I almost hate to say this, because it changes by the day, but I think I might be feeling a little bit better today. Ever. So. Slightly.

How do I know this, you ask? Well, I took a shower and didn’t feel like I was about to perish halfway through shaving my second useless leg. I’m also finding steps not quite so daunting today. I’m thinking about changing the sheets on my bed! If I have to lay down halfway through that chore, we will know I am full of crap and I don’t feel better at all. But at least I feel like TRYING.

Trying to try is a thing. I keep remembering that. I have to keep trying to try.

On our next episode, our heroine will attempt to make it into the office and do actual work in said office instead of in her living room. News at eleven.

Maybe I have unrealistic expectations

The stairs of death and the sorting chair.
It always comes down to this. The most basic things are my undoing. But when I thought about it more, I am starting to realize something that is probably painfully obvious to everyone but me.

And that is the simple fact that this might be as good as it gets. I keep hoping to somehow feel better. But maybe this is feeling better! Maybe this is it.

I remember when I first went on Tysabri and The Great Scott explained to me that it might help me to feel a little better but it could take up to 6 months before I noticed anything. He told me that disease modifying drugs (DMTs for those in the know) are primarily intended to keep your disease from progressing, not to undo existing symptoms.

Even knowing that fact full well, with every passing month after that 6th infusion I got more frustrated. It wasn’t helping me. Other people in the infusion room got 20-22 “good” days a month. I got no good days a month. It was frustrating but I hung in there. I knew I only had a year of safely taking Tysabri because of my JC positive status. I was on month 15 when Ocrevus was beginning to get a lot of buzz.

TGS told me he thought I’d be a good candidate for the new goo, as he called it. He said it might help me feel a bit better but more importantly it might help stop the progression of my symptoms that seem to have just kept getting worse and worse as time went by. I know I have relapsing/remitting MS on paper but I’m telling you here and now, if I’ve ever had a remittance, I sure as hell didn’t notice it. Each passing week there were new and ever more frustrating symptoms. My walking got worse and worse. I finally started the walking drug – and that helps, but it only helps. It doesn’t fix me. It merely makes me able to walk very short distances. I was all about jumping on the new goo bandwagon.  Hope is another drug I can’t resist.

That’s the thing about us early diagnosis people…you can’t quite give in to thinking that this is what it’s going to be like now. You can’t quite stop waiting for the miracle that’s going to mean this whole hideous experience was just a bad and very long dream. You grasp at straws.

So I went off Tysabri for the famous, more like infamous, two month flush. I felt horrible. I barely left my house for two months. I could barely muster the energy to get through 3 or 4 hours a day completely conscious. I managed to work. I managed to get into the office every now and then  but it was ugly. I felt horrible.

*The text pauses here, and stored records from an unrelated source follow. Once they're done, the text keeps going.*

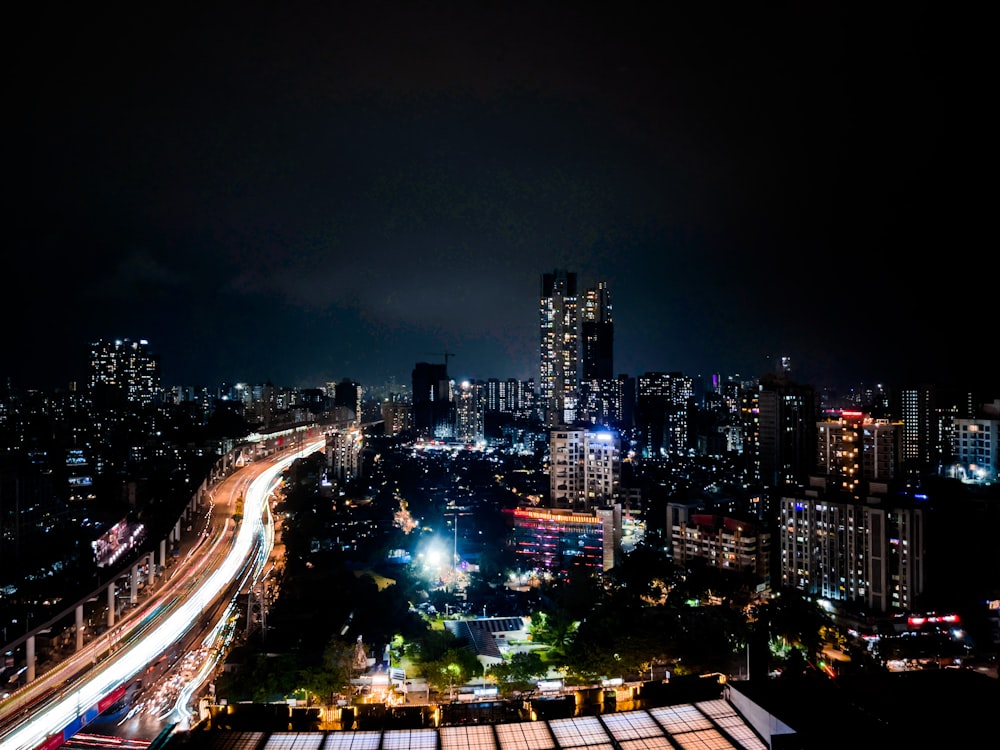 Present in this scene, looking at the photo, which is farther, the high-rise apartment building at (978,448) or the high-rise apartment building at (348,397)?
the high-rise apartment building at (348,397)

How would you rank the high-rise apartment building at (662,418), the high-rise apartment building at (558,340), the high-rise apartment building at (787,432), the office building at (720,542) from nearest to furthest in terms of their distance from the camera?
the office building at (720,542), the high-rise apartment building at (787,432), the high-rise apartment building at (662,418), the high-rise apartment building at (558,340)

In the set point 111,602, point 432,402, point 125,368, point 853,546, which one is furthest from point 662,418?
point 111,602

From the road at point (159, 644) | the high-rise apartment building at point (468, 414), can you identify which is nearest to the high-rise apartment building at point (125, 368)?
the high-rise apartment building at point (468, 414)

The thought starting sneaking into my broken brain…maybe it had been working all along. If this is what I feel like without it, it had to be helping more than I believed. I just didn’t know how bad things could get. I wouldn’t allow myself to go there. I had to believe it wasn’t working and my struggle was all Tysabri’s fault and not the fault of my broken central nervous system. I had to believe that because the alternative wasn’t palatable to me.

I pinned my hopes on the new goo. When I got approved for Ocrevus I did a little happy dance. So it made me more likely to get cancer. So what? I would be less likely to get PML and that’s nearly always deadly so…winning! I can look for cancer. I can prevent it or treat it. That was much more appealing to me than a deadly brain virus. Sign me up.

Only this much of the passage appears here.